**ASSIGNMENT**: Repeat the listing exactly. The images do not belong in the copy.

--- AVAILABLE DATA ---

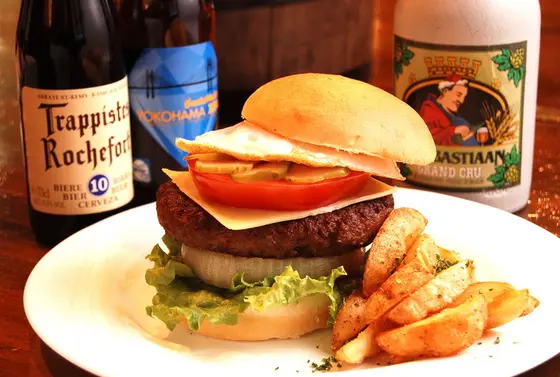 昼ならハンバーガーもあり。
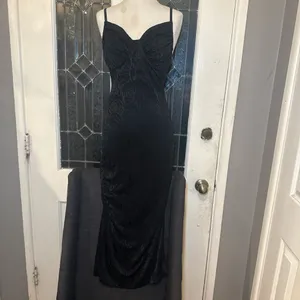 Black Rose Jacquard Midi Dress thumbnail 3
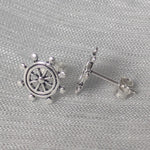 Lade das Bild in den Galerie-Viewer, Seitliche Ansicht der Steuerrad Ohrstecker aus 925 Sterling Silber
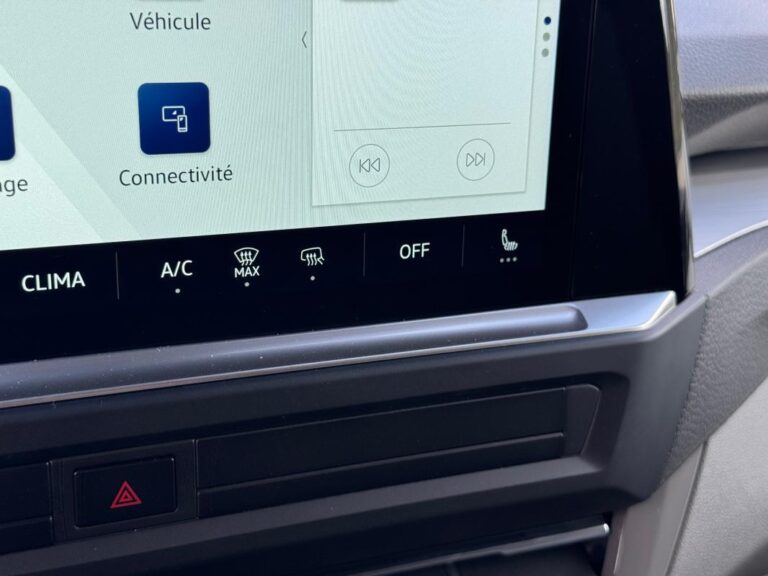 Volkswagen Transporter PROCAB 2.0 TDI 170 BVA8 BUSINESS – 4P - Image 19 (July 7, 2026)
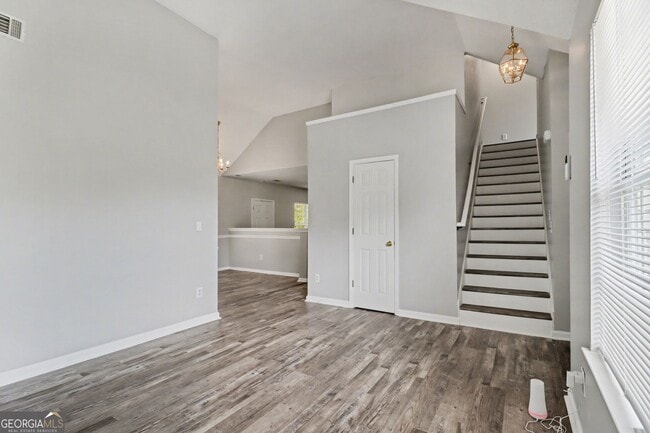 Building Photo - 2839 Rambling Way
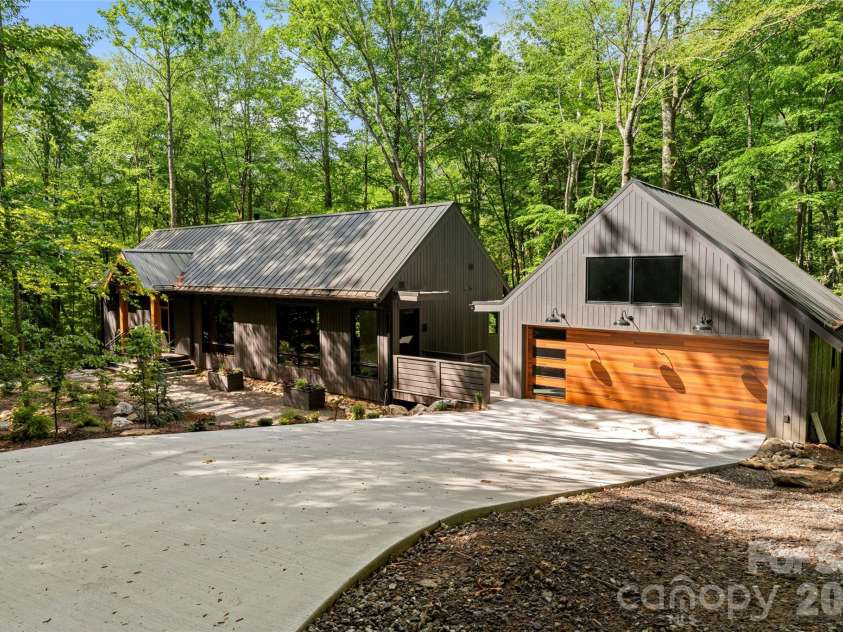 80 Hemlock Circle, Black Mountain, NC 28711.  MLS# CAR4367338, YatesRealty ID 11528. A new driveway was installed in May 2025.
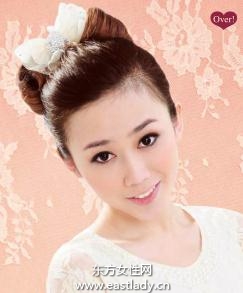 清新菠萝头造型给人阵阵春意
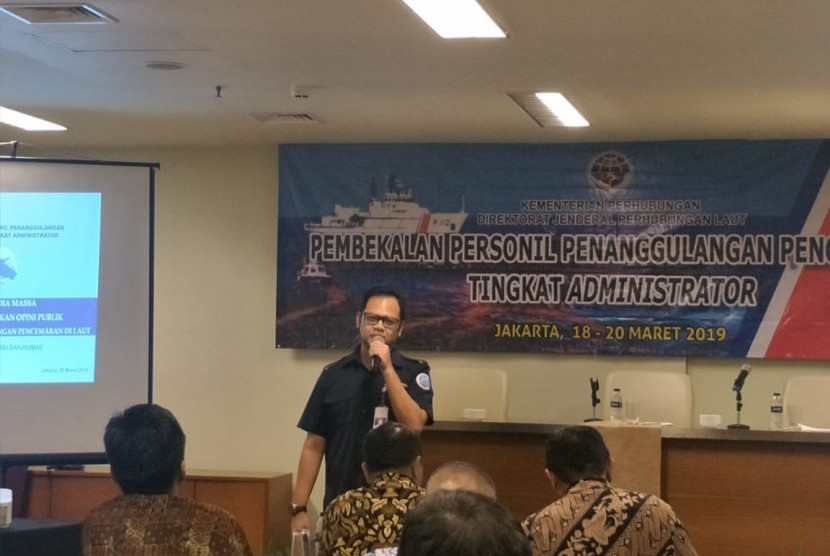 Kementerian Perhubungan cq Direktorat Jenderal Perhubungan Laut menginisiasi penyelenggaraan kegiatan Pembekalan Personil Penanggulangan Pencemaran Tingkat Administrator yang dilaksanakan pada tanggal 18 hingga 23 Maret 2019 di Jakarta.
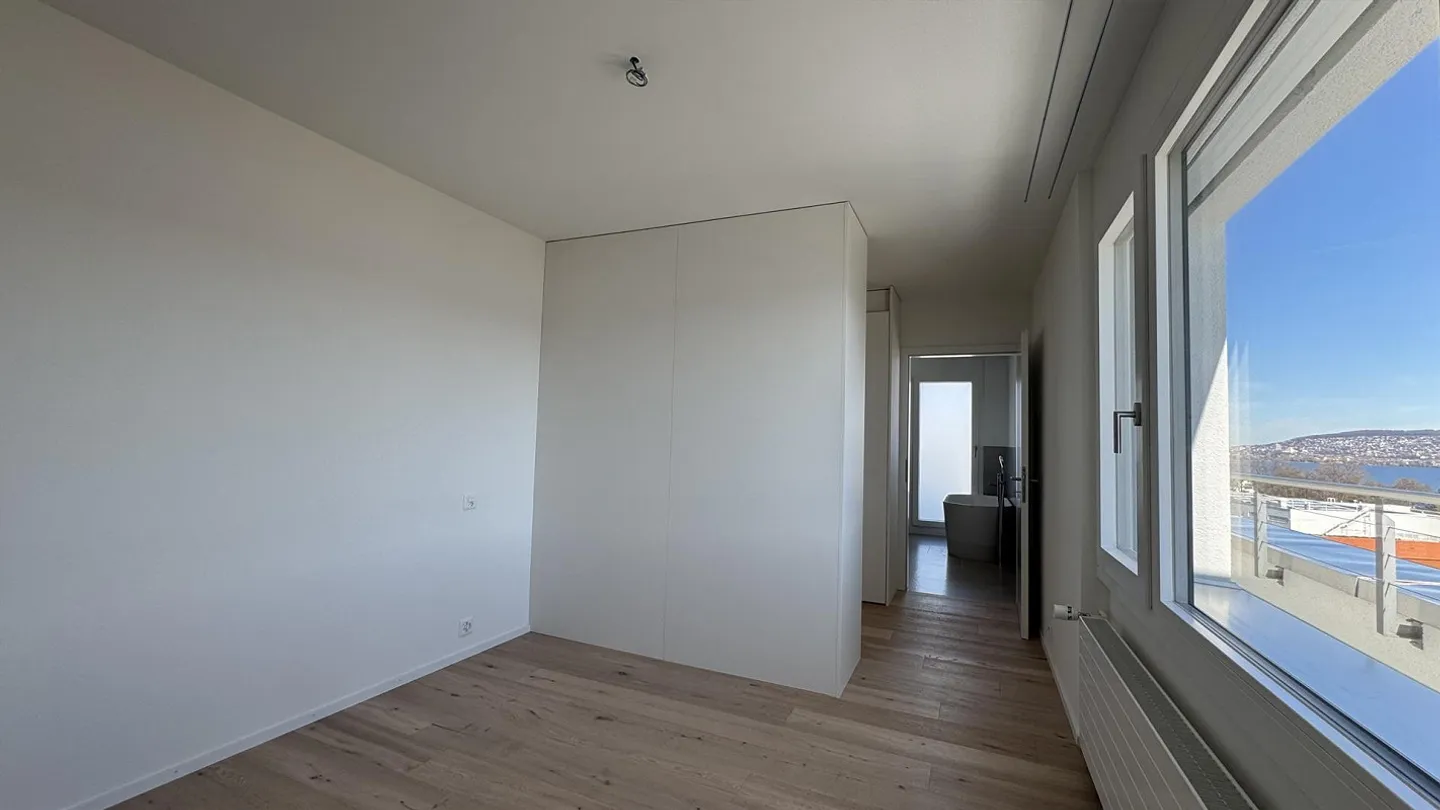 Oasis de penthouse exclusif avec vue panoramique - Photo 8 sur 15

---

**WORKED SOLUTION**:
 昼ならハンバーガーもあり。
 Black Rose Jacquard Midi Dress thumbnail 3
 Lade das Bild in den Galerie-Viewer, Seitliche Ansicht der Steuerrad Ohrstecker aus 925 Sterling Silber
 Volkswagen Transporter PROCAB 2.0 TDI 170 BVA8 BUSINESS – 4P - Image 19 (July 7, 2026)
 Building Photo - 2839 Rambling Way
 80 Hemlock Circle, Black Mountain, NC 28711.  MLS# CAR4367338, YatesRealty ID 11528. A new driveway was installed in May 2025.
 清新菠萝头造型给人阵阵春意
 Kementerian Perhubungan cq Direktorat Jenderal Perhubungan Laut menginisiasi penyelenggaraan kegiatan Pembekalan Personil Penanggulangan Pencemaran Tingkat Administrator yang dilaksanakan pada tanggal 18 hingga 23 Maret 2019 di Jakarta.
 Oasis de penthouse exclusif avec vue panoramique - Photo 8 sur 15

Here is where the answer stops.